That soundless, but so special, moment, hugging and holding

your loved one cannot be matched with a lot of chatter and

needless words.

When you look deeply into someone’s eyes, words are rarely

needed. The look that a new mother has while studying and

closely gazing into her newborn baby’s fluttering eyes is

wordless. That moment can  be equally matched by the father

seeing his baby and holding that precious bundle.

When do you feel the most like having a wordless period of time?

Here is a wonderful quote from Mother Theresa:

“God is the friend of silence.

See how nature, trees, flowers, grass grows in silence;

See how the stars, moon and the sun, how  they

move in silence.

We need silence to be able to touch souls.”
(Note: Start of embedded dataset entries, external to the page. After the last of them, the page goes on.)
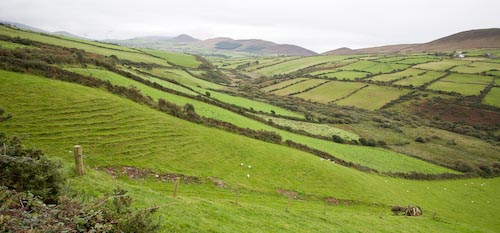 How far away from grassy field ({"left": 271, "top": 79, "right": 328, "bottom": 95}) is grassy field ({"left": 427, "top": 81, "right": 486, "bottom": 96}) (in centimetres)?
4616

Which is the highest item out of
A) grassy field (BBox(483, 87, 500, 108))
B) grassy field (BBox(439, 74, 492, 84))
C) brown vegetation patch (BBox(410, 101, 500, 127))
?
grassy field (BBox(439, 74, 492, 84))

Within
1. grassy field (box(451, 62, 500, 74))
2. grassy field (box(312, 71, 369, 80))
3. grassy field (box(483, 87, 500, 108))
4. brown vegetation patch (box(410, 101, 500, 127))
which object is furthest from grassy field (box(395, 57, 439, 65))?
brown vegetation patch (box(410, 101, 500, 127))

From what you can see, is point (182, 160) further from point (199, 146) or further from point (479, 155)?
point (479, 155)

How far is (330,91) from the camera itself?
126 meters

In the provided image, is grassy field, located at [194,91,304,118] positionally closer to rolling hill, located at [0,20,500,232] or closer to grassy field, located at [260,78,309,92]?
rolling hill, located at [0,20,500,232]

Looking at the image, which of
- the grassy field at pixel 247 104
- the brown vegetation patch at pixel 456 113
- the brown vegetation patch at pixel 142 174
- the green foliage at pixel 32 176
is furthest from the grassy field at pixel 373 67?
the green foliage at pixel 32 176

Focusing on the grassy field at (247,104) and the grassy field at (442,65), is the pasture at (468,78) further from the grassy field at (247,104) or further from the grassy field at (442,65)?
the grassy field at (247,104)

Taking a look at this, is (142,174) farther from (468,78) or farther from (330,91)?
(468,78)

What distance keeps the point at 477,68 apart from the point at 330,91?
256 feet

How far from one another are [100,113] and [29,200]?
24.8m

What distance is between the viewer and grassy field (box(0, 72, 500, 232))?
1792 centimetres

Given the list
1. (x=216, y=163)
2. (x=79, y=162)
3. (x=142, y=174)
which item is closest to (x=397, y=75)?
(x=216, y=163)

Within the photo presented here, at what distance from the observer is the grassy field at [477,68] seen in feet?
454

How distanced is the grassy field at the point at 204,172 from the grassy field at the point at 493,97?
250 ft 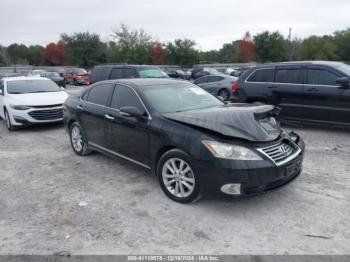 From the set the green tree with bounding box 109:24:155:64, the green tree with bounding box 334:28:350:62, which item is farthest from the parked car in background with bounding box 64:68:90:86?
the green tree with bounding box 334:28:350:62

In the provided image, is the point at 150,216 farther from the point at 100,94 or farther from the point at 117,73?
the point at 117,73

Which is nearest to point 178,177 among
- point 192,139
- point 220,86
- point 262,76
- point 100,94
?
point 192,139

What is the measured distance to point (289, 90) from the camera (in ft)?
25.8

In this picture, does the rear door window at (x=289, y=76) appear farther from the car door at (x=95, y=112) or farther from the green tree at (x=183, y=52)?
the green tree at (x=183, y=52)

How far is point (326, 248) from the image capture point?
3068 millimetres

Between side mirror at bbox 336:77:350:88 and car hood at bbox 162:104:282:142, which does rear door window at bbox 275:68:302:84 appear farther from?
car hood at bbox 162:104:282:142

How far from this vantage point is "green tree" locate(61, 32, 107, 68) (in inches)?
2066

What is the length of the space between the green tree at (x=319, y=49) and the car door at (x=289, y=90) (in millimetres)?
48371

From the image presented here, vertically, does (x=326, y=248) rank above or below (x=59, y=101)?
below

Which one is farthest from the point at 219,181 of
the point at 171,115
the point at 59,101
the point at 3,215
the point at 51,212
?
the point at 59,101

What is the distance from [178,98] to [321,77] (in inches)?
A: 171

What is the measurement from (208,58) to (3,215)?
86.7m

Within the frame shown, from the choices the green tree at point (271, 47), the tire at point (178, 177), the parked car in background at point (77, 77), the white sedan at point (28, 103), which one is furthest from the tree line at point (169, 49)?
the tire at point (178, 177)

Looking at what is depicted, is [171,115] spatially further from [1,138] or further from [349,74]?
[1,138] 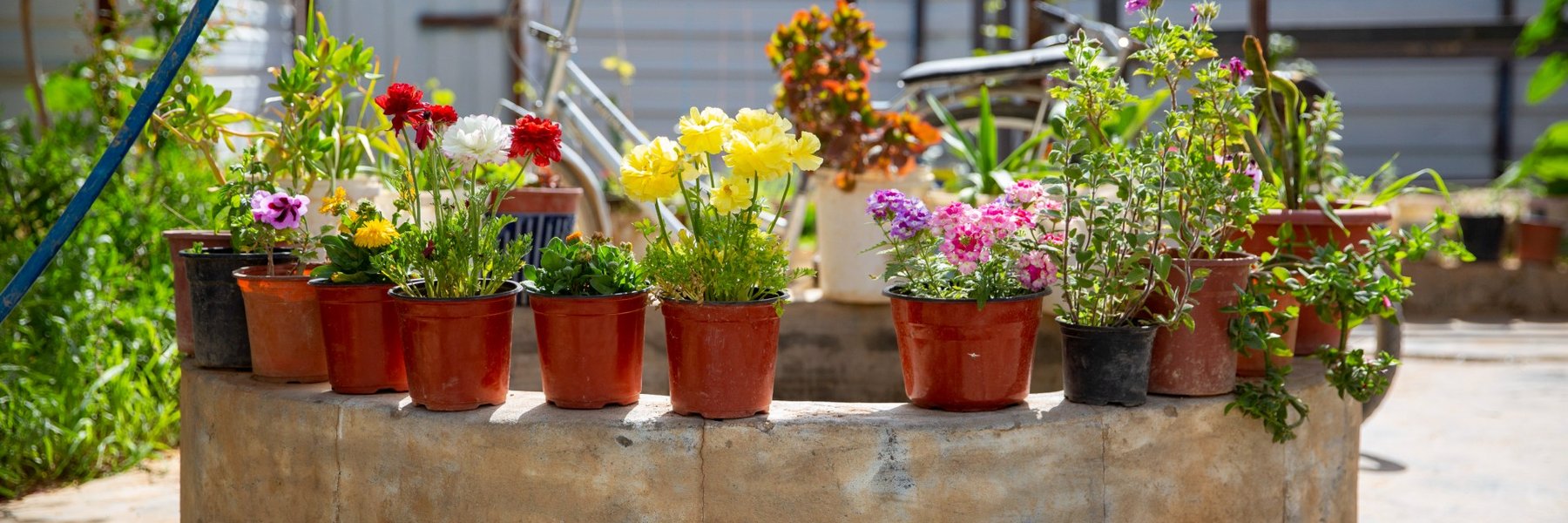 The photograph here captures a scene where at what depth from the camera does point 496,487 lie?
6.66 ft

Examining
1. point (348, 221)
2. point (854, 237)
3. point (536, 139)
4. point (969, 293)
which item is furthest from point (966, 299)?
point (854, 237)

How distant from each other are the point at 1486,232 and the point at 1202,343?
5.32 metres

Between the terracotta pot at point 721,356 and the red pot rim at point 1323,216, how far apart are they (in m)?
1.09

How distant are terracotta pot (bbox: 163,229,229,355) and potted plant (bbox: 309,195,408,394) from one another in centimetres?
50

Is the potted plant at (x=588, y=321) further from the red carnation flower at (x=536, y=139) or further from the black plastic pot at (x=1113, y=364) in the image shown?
the black plastic pot at (x=1113, y=364)

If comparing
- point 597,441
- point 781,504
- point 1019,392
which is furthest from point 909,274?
point 597,441

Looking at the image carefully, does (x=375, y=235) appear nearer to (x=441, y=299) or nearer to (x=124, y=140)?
(x=441, y=299)

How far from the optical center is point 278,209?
2254 millimetres

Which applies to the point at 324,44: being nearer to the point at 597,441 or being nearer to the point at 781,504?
the point at 597,441

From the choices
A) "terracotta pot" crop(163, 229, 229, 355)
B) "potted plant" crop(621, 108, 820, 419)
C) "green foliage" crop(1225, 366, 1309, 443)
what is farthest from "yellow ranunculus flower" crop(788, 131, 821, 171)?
"terracotta pot" crop(163, 229, 229, 355)

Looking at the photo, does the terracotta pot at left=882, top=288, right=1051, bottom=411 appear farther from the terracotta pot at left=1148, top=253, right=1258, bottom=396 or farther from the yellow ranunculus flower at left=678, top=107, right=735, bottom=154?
the yellow ranunculus flower at left=678, top=107, right=735, bottom=154

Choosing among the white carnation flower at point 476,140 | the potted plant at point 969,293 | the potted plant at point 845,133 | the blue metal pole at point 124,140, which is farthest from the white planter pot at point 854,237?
the blue metal pole at point 124,140

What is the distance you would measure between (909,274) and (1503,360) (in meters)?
4.10

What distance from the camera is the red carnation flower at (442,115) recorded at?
2.04 m
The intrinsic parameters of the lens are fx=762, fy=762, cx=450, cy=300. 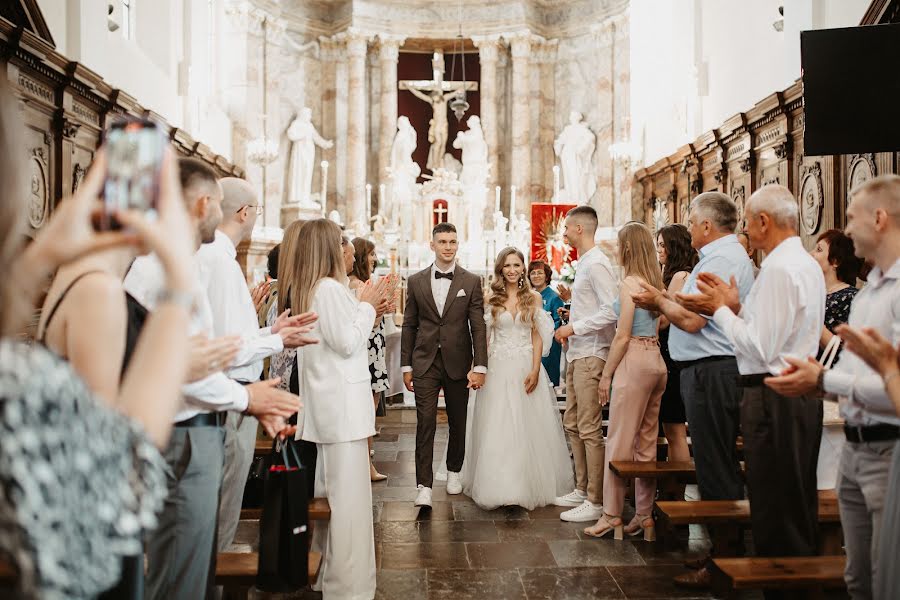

I felt the need to be tranquil last night, I turned my cell

phone to muted. I decided to not read, not look at my blog

nor watch the television. I was alone for about an hour. I

was lying on the floor looking at the ceiling and trying to free

my mind from all my thoughts that kept trying to push their

way into my quiet time. They were invading my privacy with

assailing me with thoughts!

There is another side of silence that I would like to plunge

into. Sometimes, those negative thoughts start to creep in,

invading your peaceful moments, and suddenly taking away

the joy that you need to nourish your brain and your rested,

relaxed body.

Silence has not worked with the one who hurt me more than

twice. Not replying to emails, having blocked his cell phone,

and not breaking down and reciprocating the emails. None of

this have worked. Silence. No replies at all: not working!

My grandmother (mother’s mother) used the “silent treatment”

on her husband, my dear grandpa. He would be puzzled, he

would ignore the silence, and she would conduct daily activities

around the silence. She would break into the silence to ask one of

her two daughters, “Amelia, tell your father it’s dinner time.” My

mother also would be brought into the “conspiracy” and asked to

tell her Dad that he needed to ‘stop by the store after work to pick

up milk for the family.’

My mother told me sometimes days would pass before something

would “break the silence” between her parents!

I don’t want to “break the silence.” But, if I did, I would not be using

the rant I wrote about rather living in a zoo with the monkeys. No,

my serious thoughts in silence form sentences that are more likely

to be powerful.  Maybe, if possible, it would stop the person who

wants to invade my life. He wants to try to continue to irritate while

“staying friends.”

Here is my piece or my peace, depending on the interpretation of

the words that follow:

“Out of over 250 days together passed in close range and filled with

possible moments to cherish, only five to seven days were you ever

fully engaged. There were only less than a week’s worth of days’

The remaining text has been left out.